* DATASET EXTRACT:
● ● ● ● ● ● ●

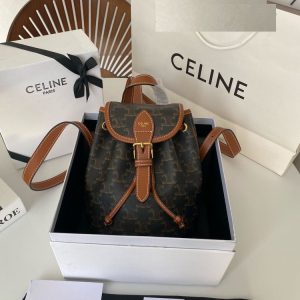 New Collection Celine Bag 015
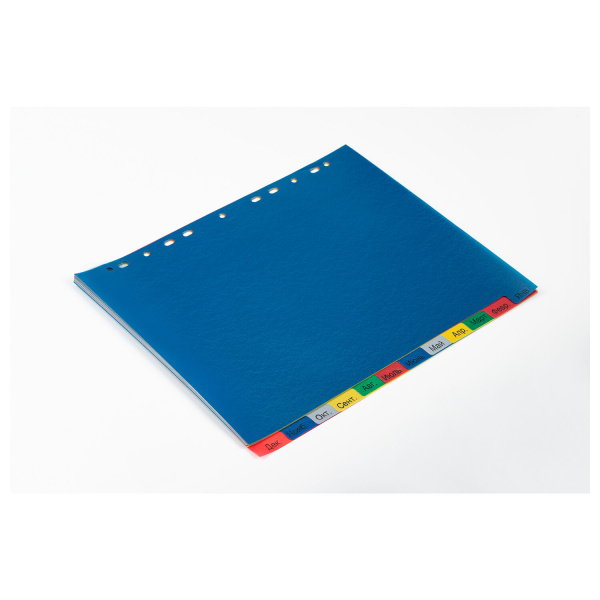 Разделитель пластиковый широкий BRAUBERG, А4+, 12 листов, Январь-Декабрь, оглавление, цветной, 225625 - Разделители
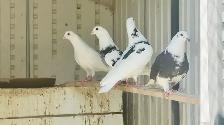 Homing Pigeons for Sale - Photo 2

● ● ● ● ● ● ●

* WHAT THIS TASK INVOLVES: Only the lines from the one with "Разделитель пластиковый широкий" through the final line of the data should be written out, exactly and including both ends. Skip the pictures.

* TASK RESULT:
 Разделитель пластиковый широкий BRAUBERG, А4+, 12 листов, Январь-Декабрь, оглавление, цветной, 225625 - Разделители
 Homing Pigeons for Sale - Photo 2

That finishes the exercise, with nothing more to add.